In this collection of short stories, Stacy Bierlein examines women’s relationships to their men, their children, their parents, each other, and the world at large. Her tales are sexually graphic, funny, philosophical, poignant, and — to me — somewhat annoying.

Maybe it’s modern short fiction that bothers me. A piece in which a character muses about the things he sees while waiting at the bus stop, and then ends when the character gets on the bus is a writing exercise, not a short story. Not that this particular collection contains that exact scenario, but it’s a “for instance”. Where’s the growth of the character in such a piece? Ms. Bierlein’s collection contains several such writing exercises — beautifully done, with lovely words and startling imagery, but not meeting my idea of what a short story should be: something with a beginning, a middle, an end; situation, conflict, resolution.

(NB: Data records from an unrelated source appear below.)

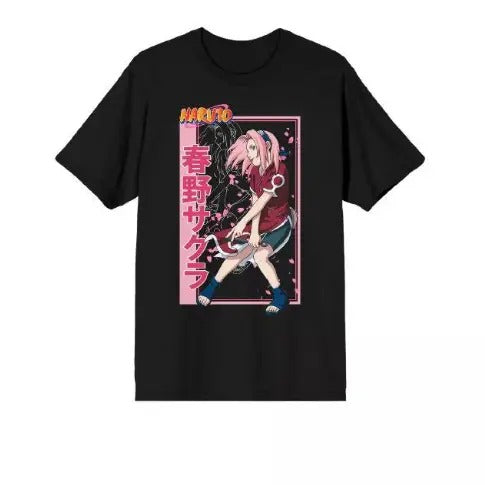 Funny Anime Har.un.o Men's Black T-shirt Hoodie, Sweatshirt | HypeCrazeTee.com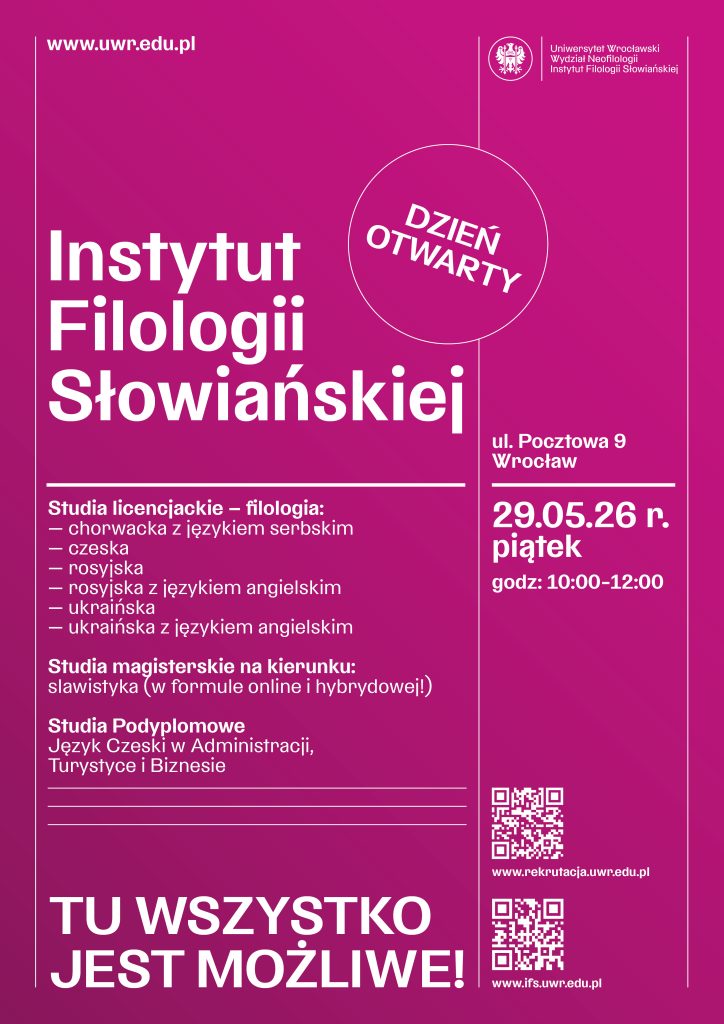 IFS zaproszenie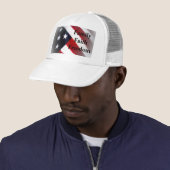 Casquette Famille, Foi & Liberté Drapeau Américain (En situation)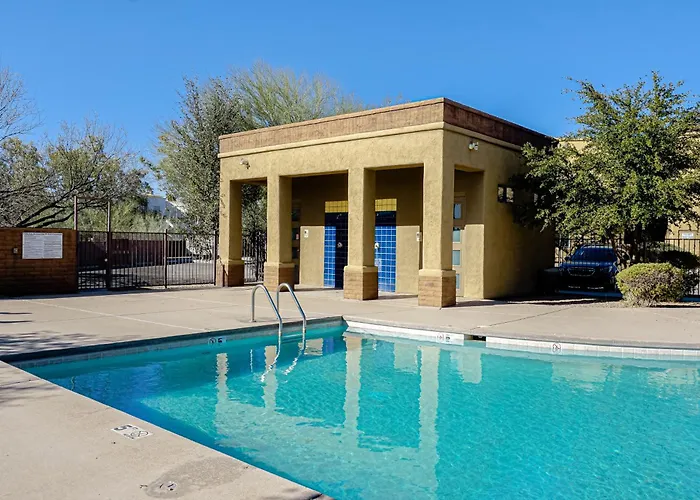 Placita Escondida #105 Holiday home Tucson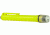 Underwater Kinetics 2AAA Xenon 12 Lumen Penlight S, Safety Yellow - 13206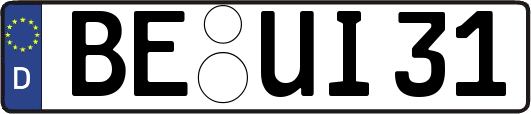 BE-UI31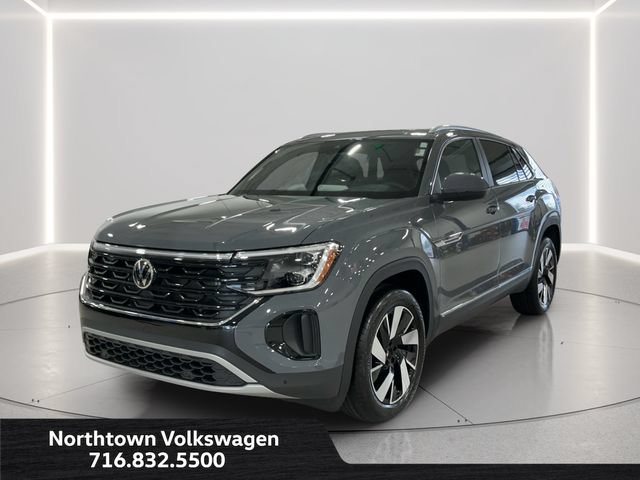 New 2026 Volkswagen Atlas Cross Sport SEL AWD/4WD image 1
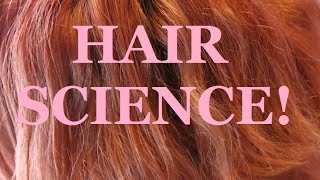 The science of bleaching and restoring hair color [upl. by Neenad]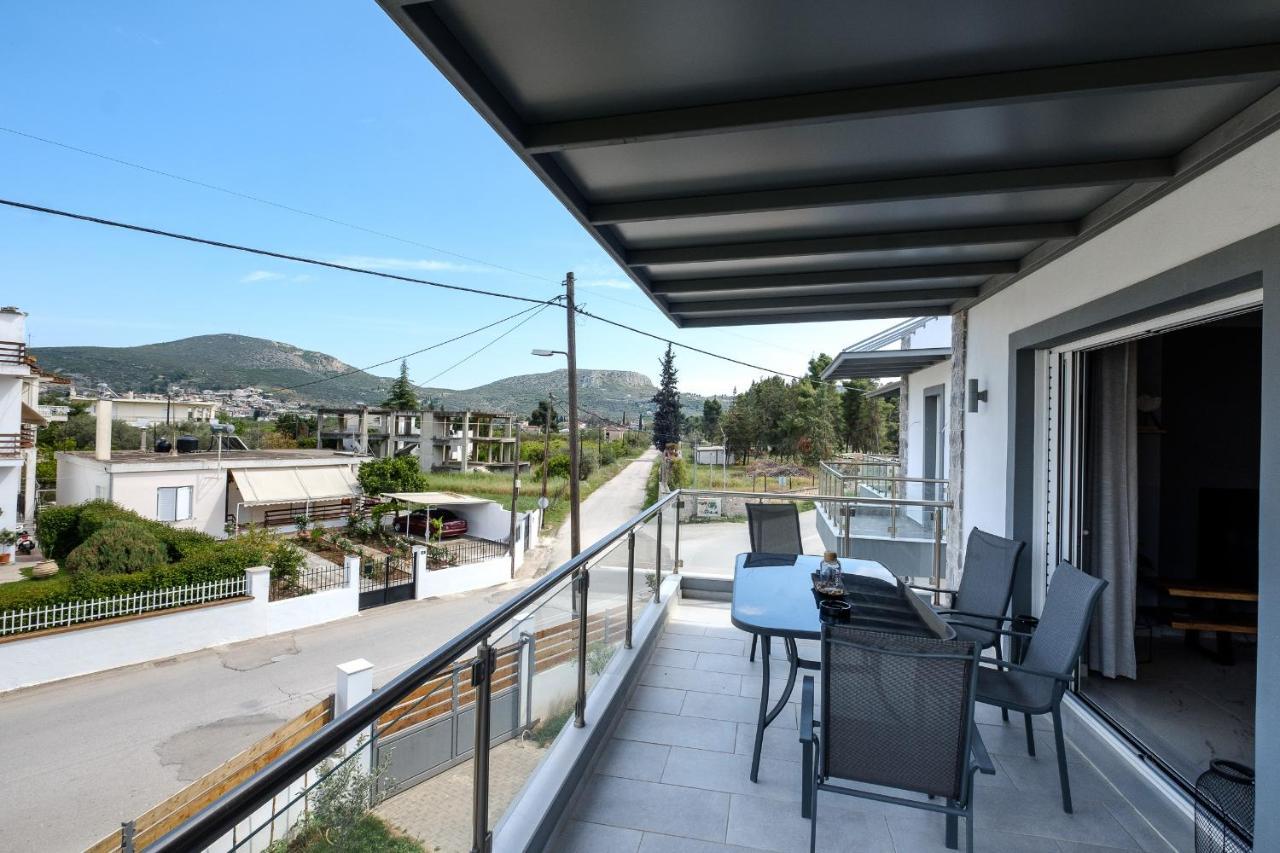 Oreon Suites - Usia Nafplio Luaran gambar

This is what happens when one is raised on Edgar Allan Poe, Shirley Jackson, and Ray Bradbury: expectation of a certain rigidity of form. Maybe one day I will let go of those expectations and be a little more flexible. Until then, I think I’ll stick with novel length fiction. Or short stories by the above-mentioned authors.

Many thanks to LibraryThing’s Early Reviewers program for the opportunity to read this collection.

Book review: Red, edited by Kris Goldsmith

Three of five stars

When editor Kris Goldsmith saw a red scarf abandoned in the road one day, she wondered what its story was. And, like any good editor at an independent press, she put that question to several of her authors. This collection of short stories is the result.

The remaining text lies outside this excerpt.